Web page caption snippets:
=== Section Start ===
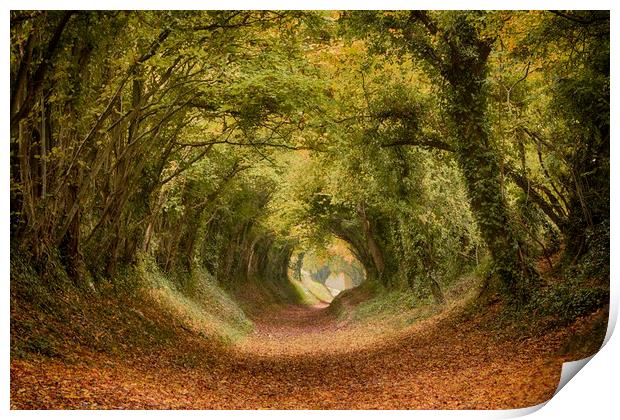 Halnaker Tree Tunnel Print by Phil Clements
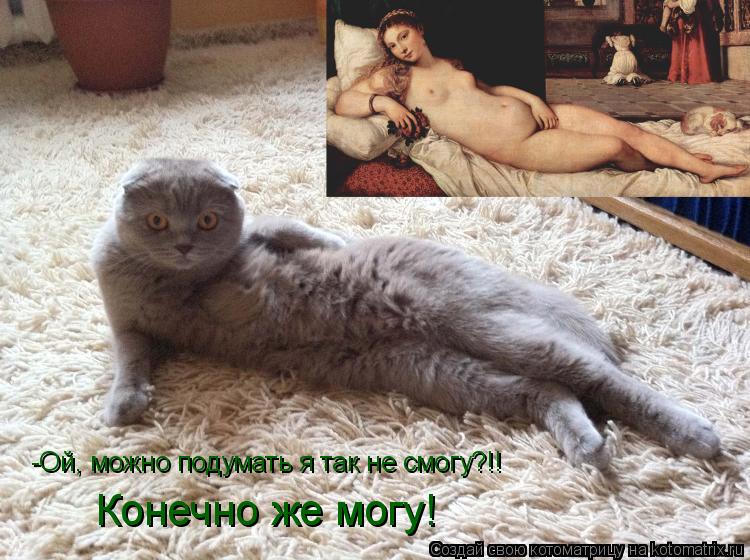 Котоматрица: -Ой, можно подумать я так не смогу?!! Конечно же могу!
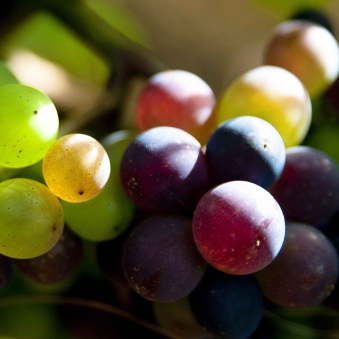 Du coté de la vigne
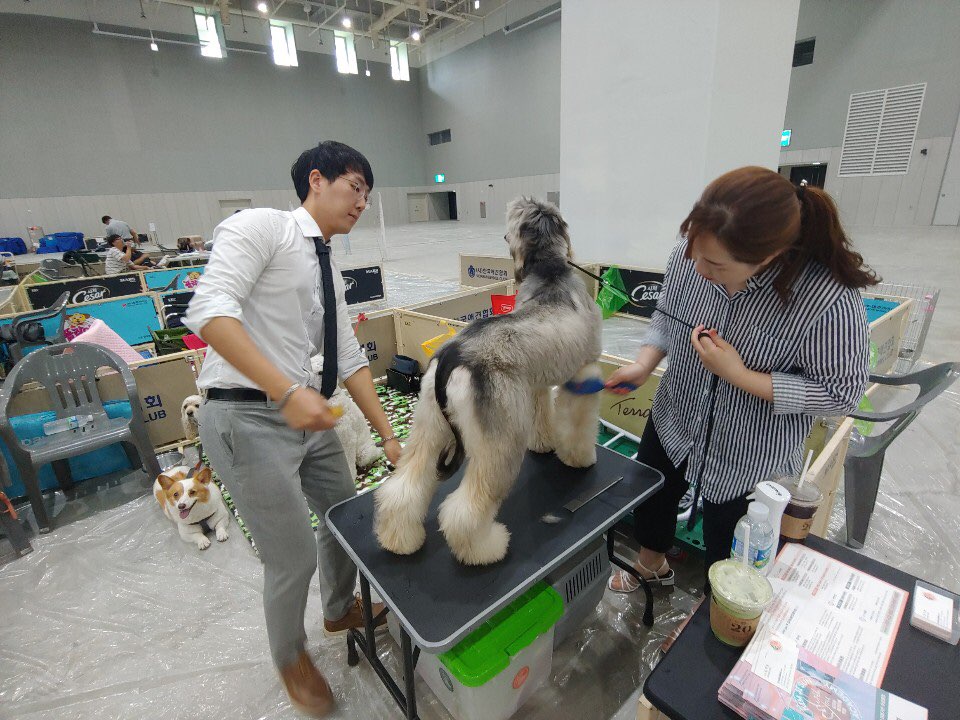 김지순애견미용학원 이미지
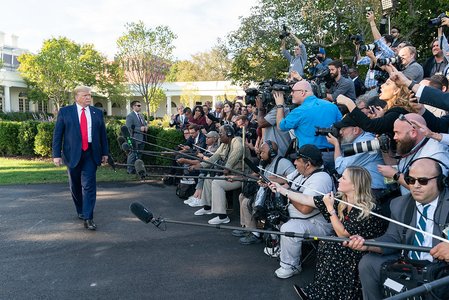1010trumpgaggle.jpg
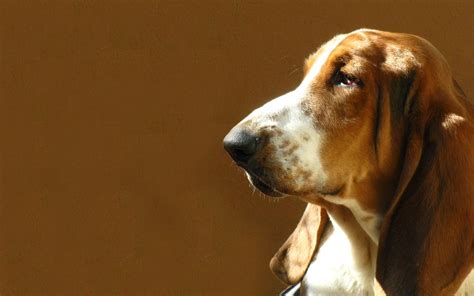 Basset Hound Dog Free Photo Download Freeimages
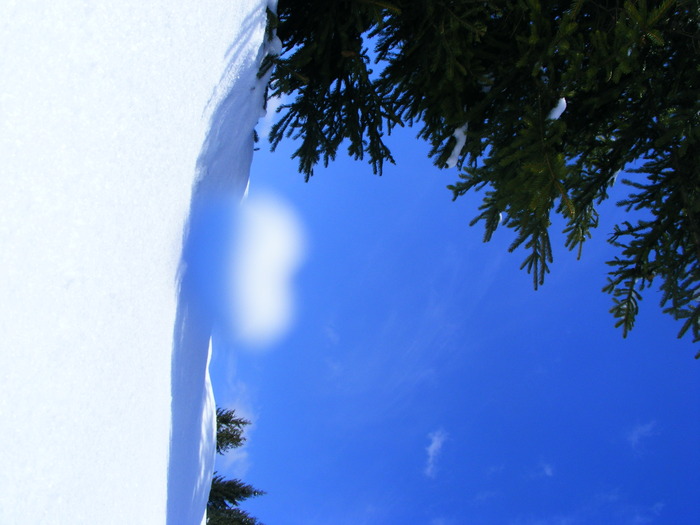 DSCF6937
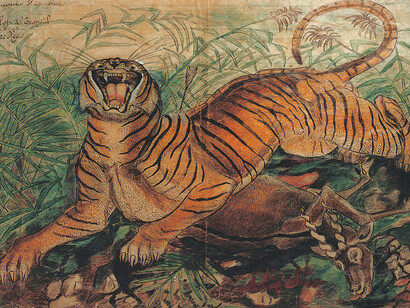 Antonio Ligabue, Tigre reale, 1941, china e pastelli a cera su carta intestata dell’Ospedale Psichiatrico San Lazzaro di Reggio Emilia, 36x50 cm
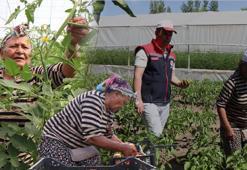 Emekli olunca memleketi Iğdır'a döndü, İnternetten öğrendi, evinin bahçesine kurdu! Şimdi hem 3 aileyi geçindiriyor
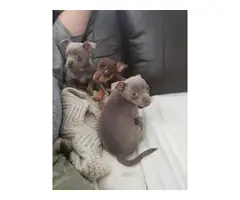 4 Chihuahua female pups - 8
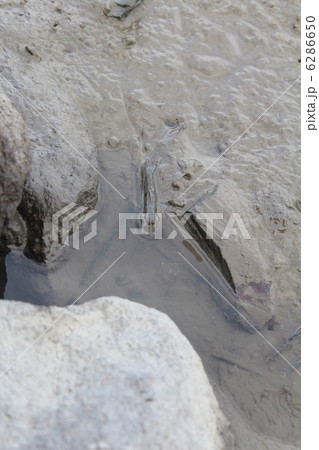 トビハゼ 6286650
=== Section End ===
WHAT TO PRODUCE
Produce an exact copy of each line of data, skipping embedded images.

RESPONSE TO THIS TASK
 Halnaker Tree Tunnel Print by Phil Clements
 Котоматрица: -Ой, можно подумать я так не смогу?!! Конечно же могу!
 Du coté de la vigne
 김지순애견미용학원 이미지
1010trumpgaggle.jpg
 Basset Hound Dog Free Photo Download Freeimages
 DSCF6937
 Antonio Ligabue, Tigre reale, 1941, china e pastelli a cera su carta intestata dell’Ospedale Psichiatrico San Lazzaro di Reggio Emilia, 36x50 cm
 Emekli olunca memleketi Iğdır'a döndü, İnternetten öğrendi, evinin bahçesine kurdu! Şimdi hem 3 aileyi geçindiriyor
 4 Chihuahua female pups - 8
 トビハゼ 6286650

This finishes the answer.